-- Assignment --
A line-by-line copy of the material below is required.

-- Extracted information --
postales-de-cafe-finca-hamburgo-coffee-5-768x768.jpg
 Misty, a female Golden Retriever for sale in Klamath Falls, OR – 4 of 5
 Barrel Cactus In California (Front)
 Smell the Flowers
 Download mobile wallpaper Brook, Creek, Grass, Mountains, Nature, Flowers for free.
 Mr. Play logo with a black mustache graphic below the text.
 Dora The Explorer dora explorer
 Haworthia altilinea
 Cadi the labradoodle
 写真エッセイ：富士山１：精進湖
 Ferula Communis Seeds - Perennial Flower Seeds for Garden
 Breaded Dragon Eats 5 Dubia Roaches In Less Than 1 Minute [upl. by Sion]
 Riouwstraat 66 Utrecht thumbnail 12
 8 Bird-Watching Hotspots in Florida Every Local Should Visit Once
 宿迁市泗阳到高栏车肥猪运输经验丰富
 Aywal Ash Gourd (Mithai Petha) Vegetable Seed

-- Reply --
postales-de-cafe-finca-hamburgo-coffee-5-768x768.jpg
 Misty, a female Golden Retriever for sale in Klamath Falls, OR – 4 of 5
 Barrel Cactus In California (Front)
 Smell the Flowers
 Download mobile wallpaper Brook, Creek, Grass, Mountains, Nature, Flowers for free.
 Mr. Play logo with a black mustache graphic below the text.
 Dora The Explorer dora explorer
 Haworthia altilinea
 Cadi the labradoodle
 写真エッセイ：富士山１：精進湖
 Ferula Communis Seeds - Perennial Flower Seeds for Garden
 Breaded Dragon Eats 5 Dubia Roaches In Less Than 1 Minute [upl. by Sion]
 Riouwstraat 66 Utrecht thumbnail 12
 8 Bird-Watching Hotspots in Florida Every Local Should Visit Once
 宿迁市泗阳到高栏车肥猪运输经验丰富
 Aywal Ash Gourd (Mithai Petha) Vegetable Seed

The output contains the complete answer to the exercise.